Requirement =>
If a line below falls between the line with "Gebraucht Opel Astra" and the line with "Poliția pe teren", or is one of those two, output it exactly; output nothing else and no pictures.

Stored data entries:
=== Begin Enclosure ===
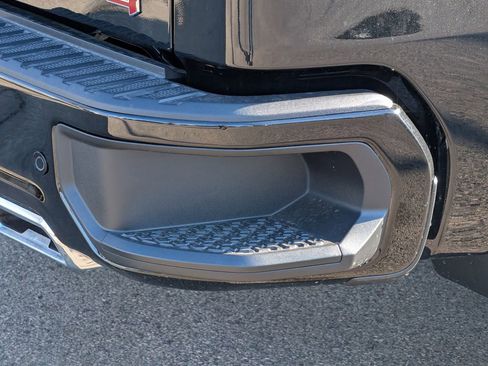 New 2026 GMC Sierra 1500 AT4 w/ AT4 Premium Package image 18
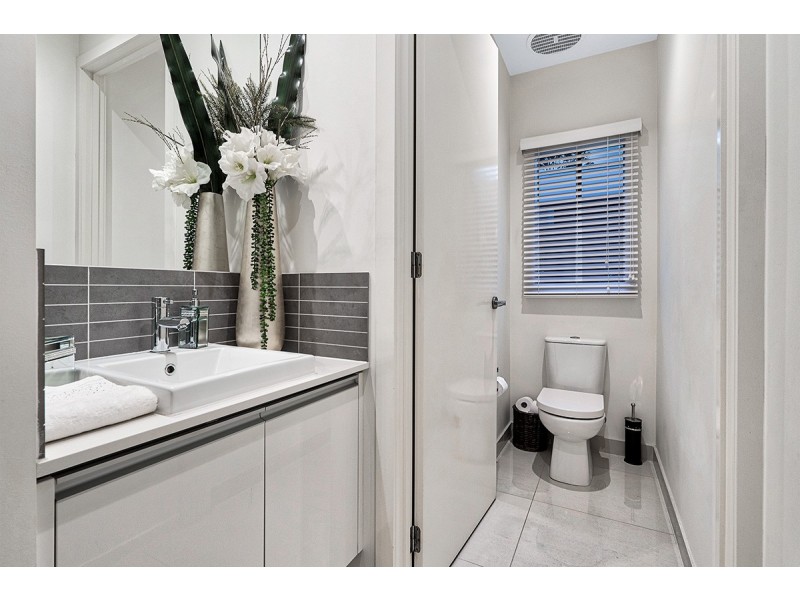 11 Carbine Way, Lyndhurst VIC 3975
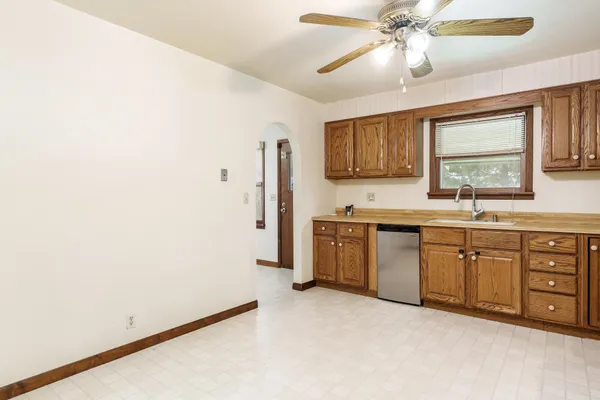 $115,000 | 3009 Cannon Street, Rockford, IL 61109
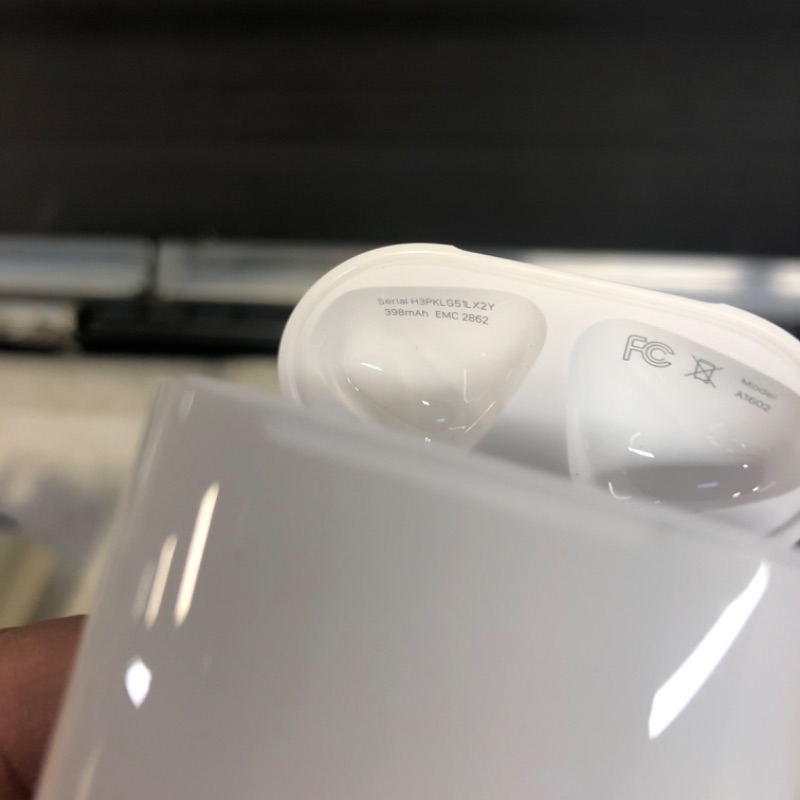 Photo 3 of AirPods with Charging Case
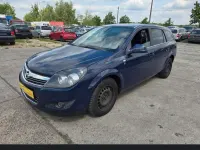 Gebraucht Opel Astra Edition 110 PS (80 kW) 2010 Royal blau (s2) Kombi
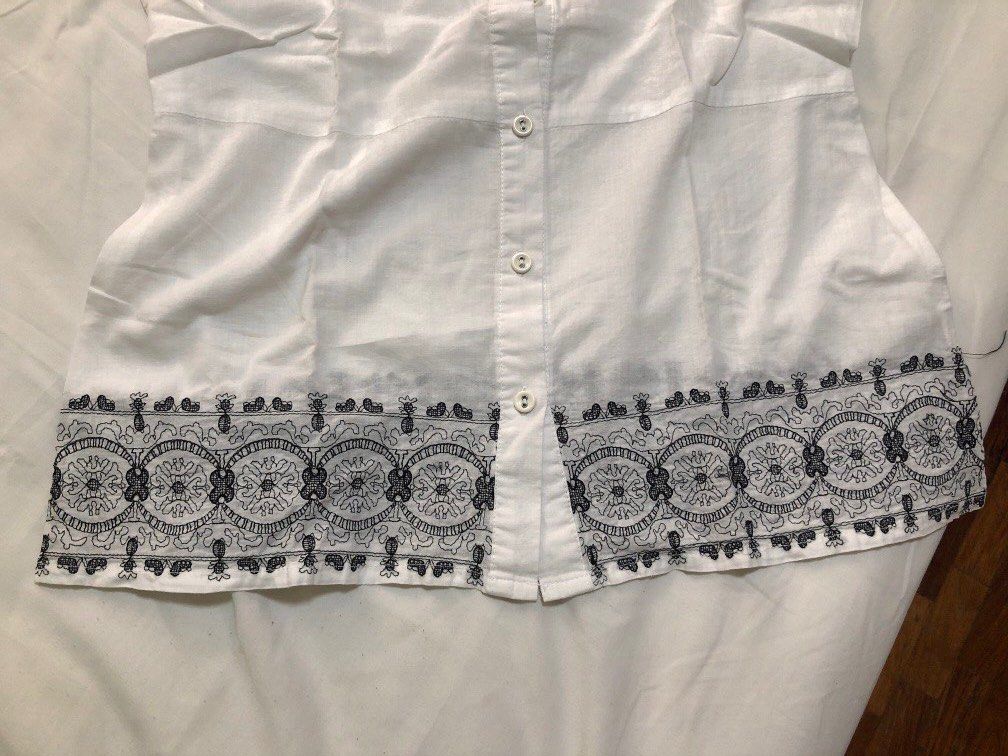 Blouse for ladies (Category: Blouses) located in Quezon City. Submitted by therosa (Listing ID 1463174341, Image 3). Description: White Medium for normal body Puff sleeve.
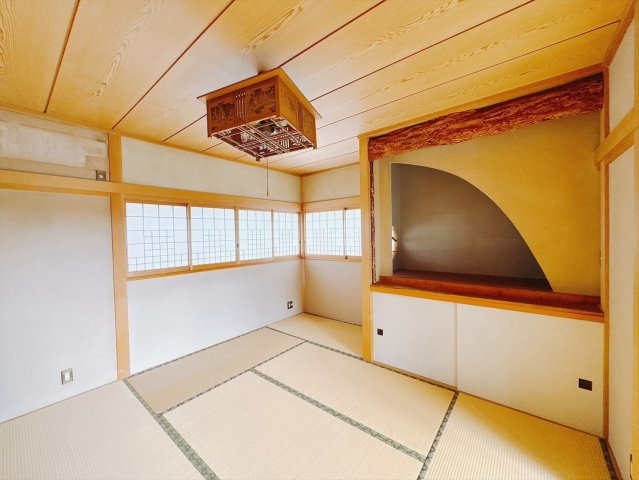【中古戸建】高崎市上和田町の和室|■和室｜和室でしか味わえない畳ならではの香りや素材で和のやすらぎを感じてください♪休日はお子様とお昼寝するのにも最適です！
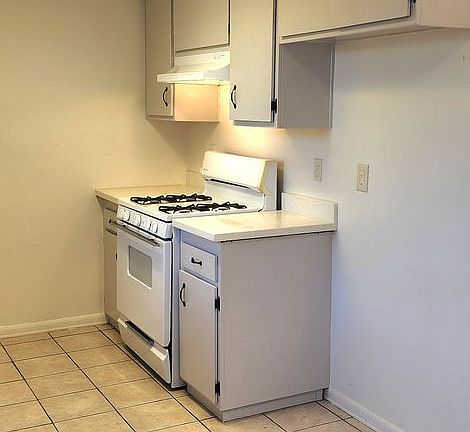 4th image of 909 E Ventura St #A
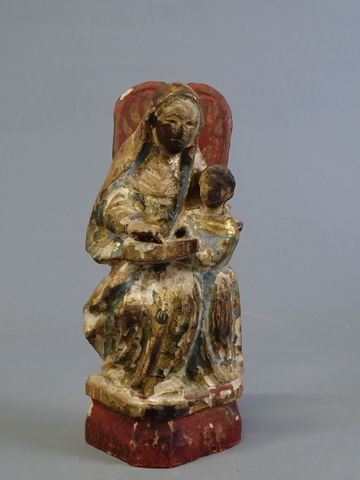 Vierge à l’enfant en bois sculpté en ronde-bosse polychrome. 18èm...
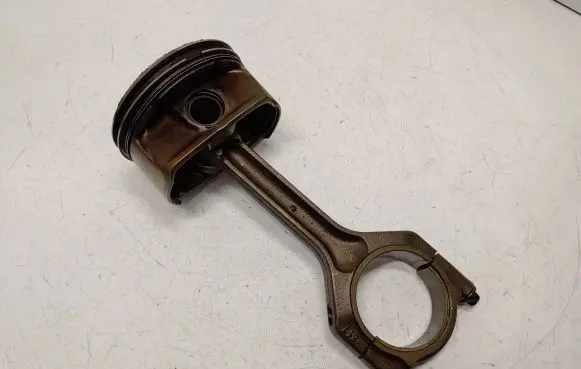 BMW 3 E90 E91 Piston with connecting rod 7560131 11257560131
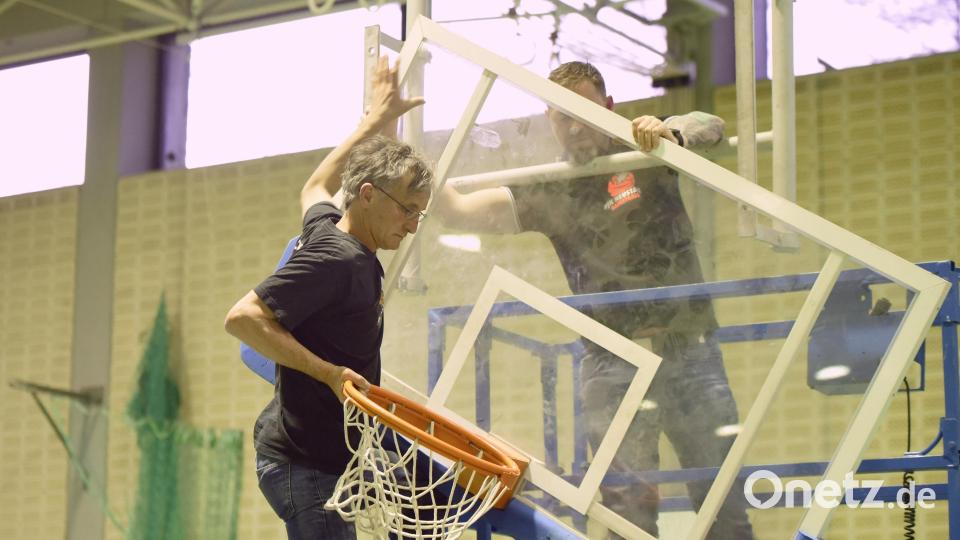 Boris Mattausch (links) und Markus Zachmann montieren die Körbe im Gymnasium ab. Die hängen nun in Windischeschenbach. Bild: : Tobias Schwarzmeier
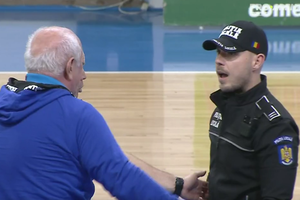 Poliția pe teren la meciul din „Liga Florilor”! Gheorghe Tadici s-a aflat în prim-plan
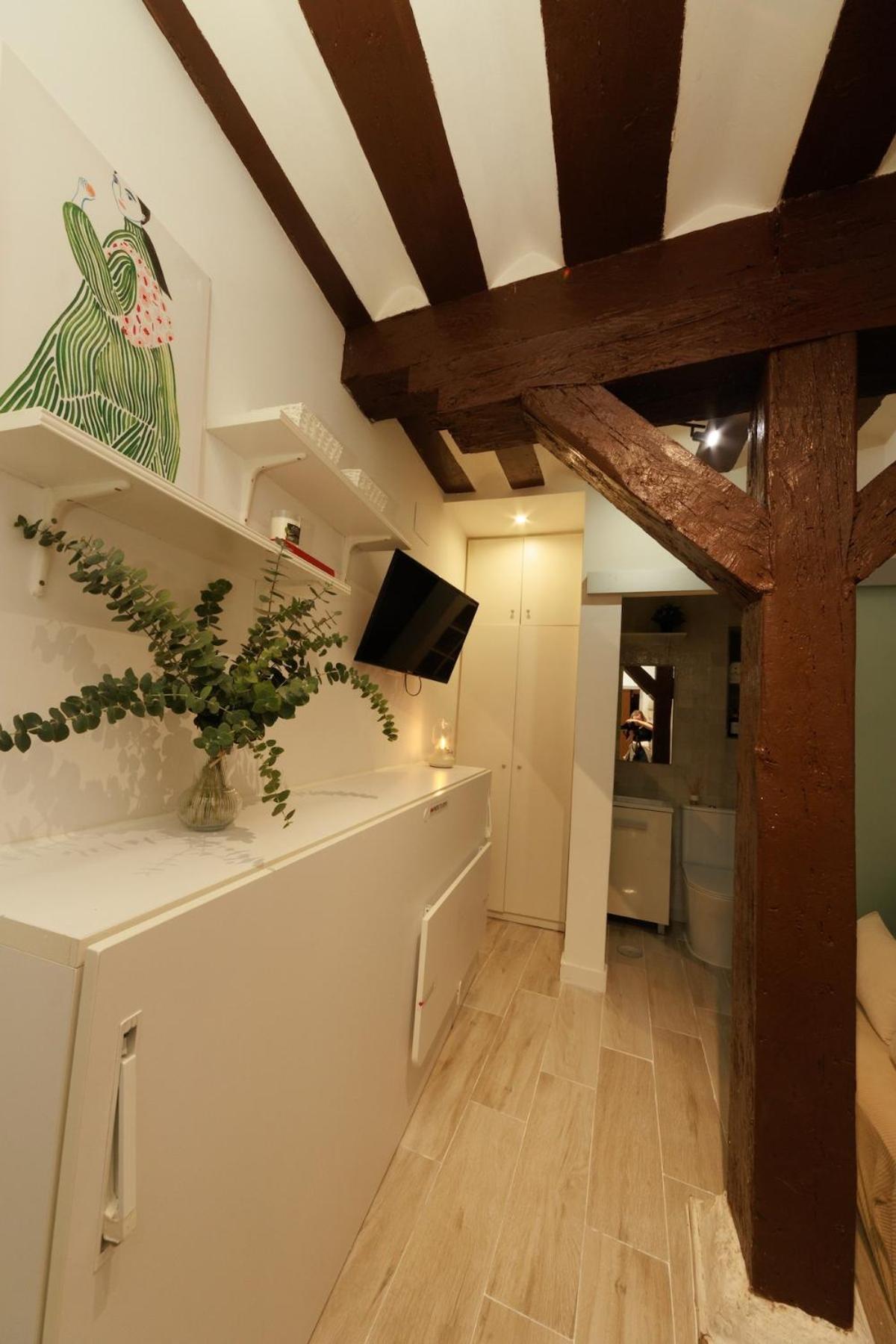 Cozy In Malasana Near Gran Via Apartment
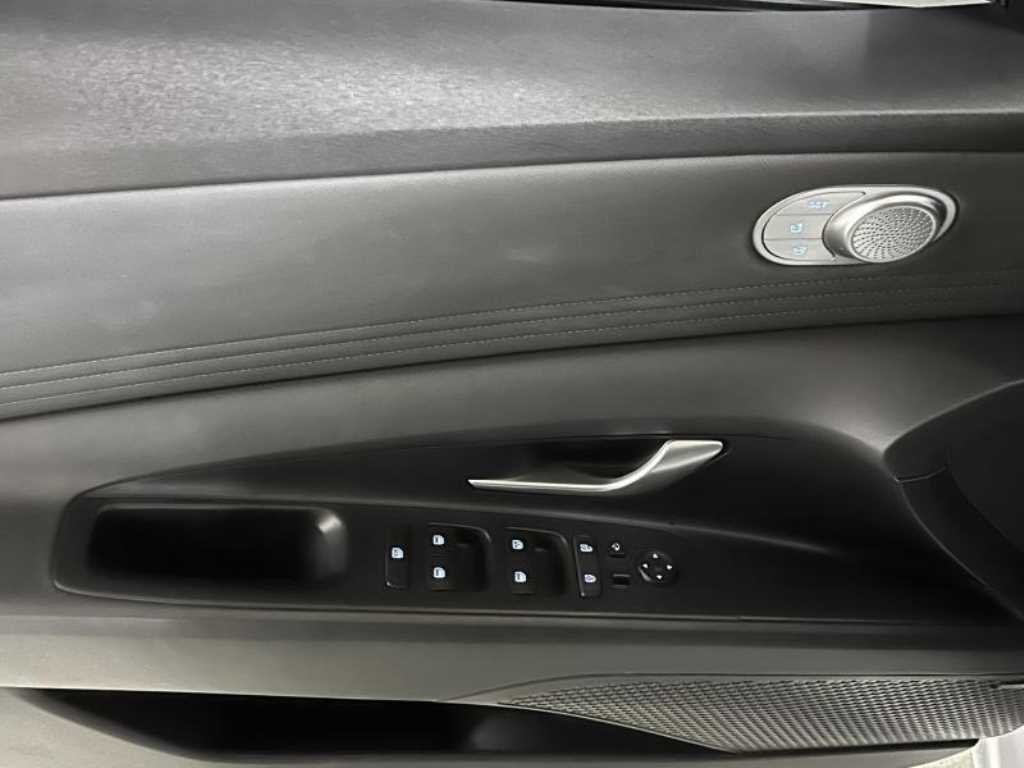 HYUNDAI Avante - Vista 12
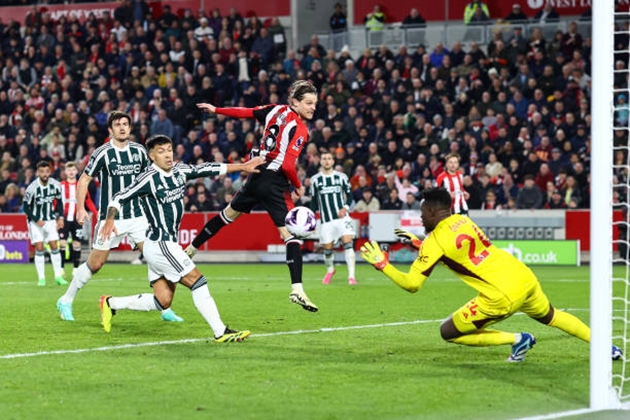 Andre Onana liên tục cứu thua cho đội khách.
=== End Enclosure ===
Exercise response =>
 Gebraucht Opel Astra Edition 110 PS (80 kW) 2010 Royal blau (s2) Kombi
 Blouse for ladies (Category: Blouses) located in Quezon City. Submitted by therosa (Listing ID 1463174341, Image 3). Description: White Medium for normal body Puff sleeve.
【中古戸建】高崎市上和田町の和室|■和室｜和室でしか味わえない畳ならではの香りや素材で和のやすらぎを感じてください♪休日はお子様とお昼寝するのにも最適です！
 4th image of 909 E Ventura St #A
 Vierge à l’enfant en bois sculpté en ronde-bosse polychrome. 18èm...
 BMW 3 E90 E91 Piston with connecting rod 7560131 11257560131
 Boris Mattausch (links) und Markus Zachmann montieren die Körbe im Gymnasium ab. Die hängen nun in Windischeschenbach. Bild: : Tobias Schwarzmeier
 Poliția pe teren la meciul din „Liga Florilor”! Gheorghe Tadici s-a aflat în prim-plan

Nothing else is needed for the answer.